На трассе все шло своим чередом. Работа в зной и в дождь, в морозы и в пургу. Кличи «Давай, давай!», скверная похлебка, рваные лохмотья и зеленые лица зеков. Ударная стройка железной дороги, соединяющей страну с ухтинской и воркутинской нефтью и углем.
Время шло. В местах, еще недавно покрытых непроходимой тайгой и болотами, пролегла железная дорога, схоронившая под собой многие тысячи людей. (Под каждой шпалой покойник — арифметика бывалых лагерников.) Вырастали новые города и поселки. В глухих медвежьих деревнях, где на вереях ворот и на чердаках торчали языческие деревянные божки для защиты от нечистой силы, где бабы в огородах, завидев на улице незнакомых людей, в ужасе падали на землю, прикрывая головы домотканными холщовыми подолами, вырастали роскошные клубы с бархатными кулисами и занавесами. На сценах этих клубов заключённые артисты приобщали полудикое население таёжных деревень к цивилизации.
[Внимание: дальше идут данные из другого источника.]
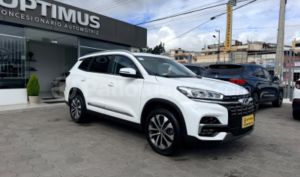 foto de Autos marca Chery seminuevo modelo TIGGO 8 LUXURY año 2023 en Ambato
Если бы все было по-доброму, можно было бы и погордиться немного своей работой. Но кто побывал в этом водовороте, не гордятся и не очень-то любят вспоминать свое прошлое. Судя по себе, могу сказать, что это не только желание вычеркнуть из памяти годы мук и лишений, но и чувство стыда.
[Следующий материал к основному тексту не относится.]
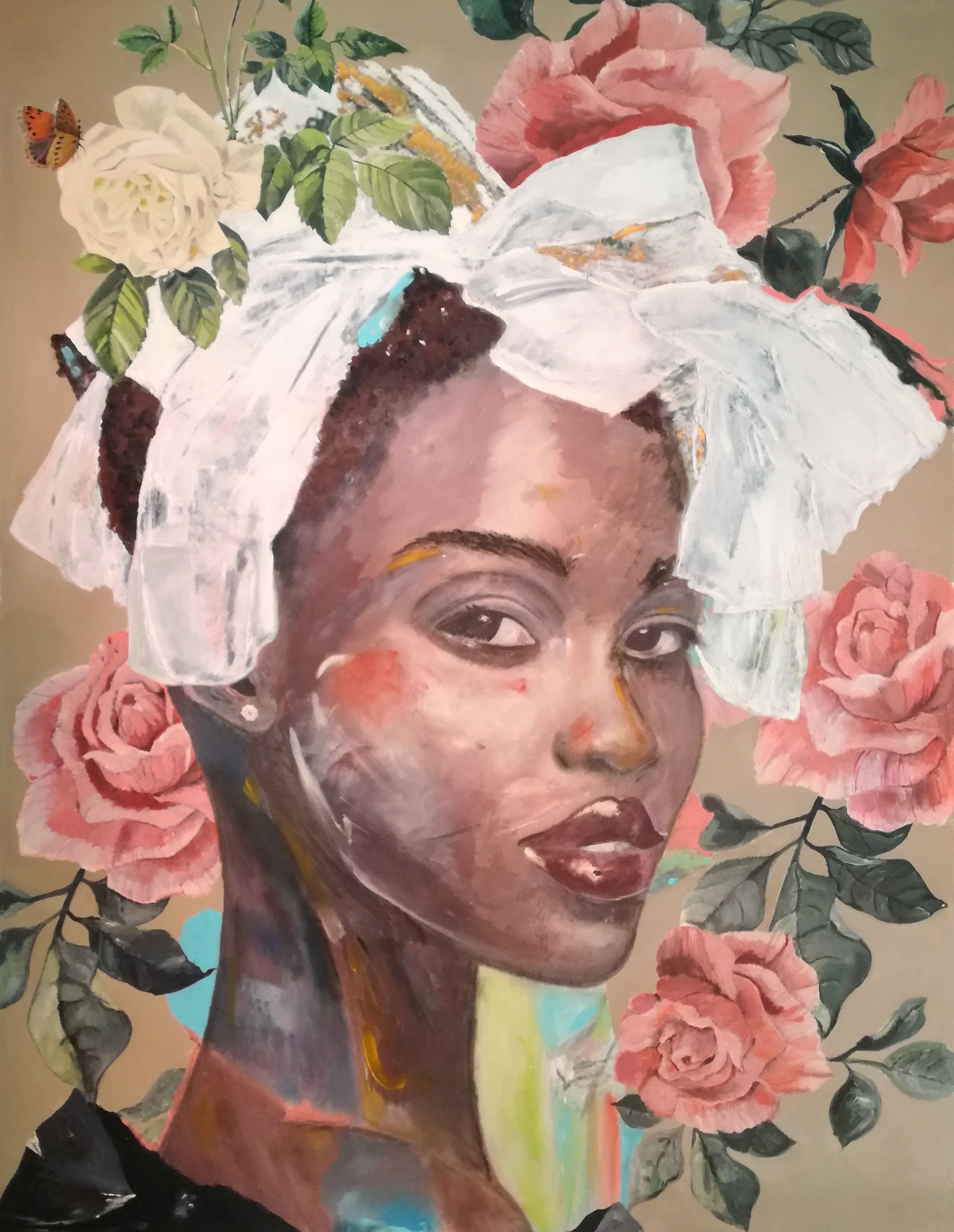Artemisia Fine Art, Mary Ann - Mysterious rose collection Artemisia Fine Art, Mary Ann - Mysterious rose collection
Такое чувство должна испытывать девушка, обесчещенная и осмеянная любимым человеком.
Да о чём говорить! Лавры великих строек всё равно настоящим строителям не достались.
Я не собираюсь идеализировать всю массу заключенных. Всякие там были, особенно в послевоенном наборе. Были шпионы и предатели, полицаи и просто убийцы. Но мучили одинаково всех — и хороших, и плохих, и правых, и виноватых. Не спорю, к тем, кто совершал в войну кровавые злодеяния, оправдано применение самых суровых мер. Но, как говорит украинская неродная поговорка, «чие б скавчало, а твое 6 мовчало»: в кровавых злодеяниях ежовщина и бериевщина, под руководством шефа, нисколько не отстала от тех, кого карала за преступления против человечночти.
Для примера забегу на несколько лет вперед. Кончилась война. Я работала в театрально-эстрадном коллективе в Княж-Погосте. Во время одной из гастрольных поездок нам в Ухте пришлось наблюдать такую картинку.
Мы направлялись в клуб нефтепромысла. Еще издали в глаза бросались слова, начертанные огромными буквами на стене клуба, — это был один из пунктов Конституции:
«ТРУД В СССР ЕСТЬ ДЕЛО ЧЕСТИ, ДЕЛО СЛАВЫ, ДЕЛО ДОБЛЕСТИ И ГЕРОЙСТВА!»
Откуда-то к нам долетали странные звуки. Казалось, что стонет больной великан. Когда мы подошли поближе, то поняли, что это не стон, а протяжное «Эй, ухнем!».
Из-за клуба вывалилась толпа оборванных заключенных. Они были впряжены в лямки, на которых тащили огромные тракторные сани, доверху нагруженные торфяником. Все они были в ручных и ножных кандалах. Это были каторжане.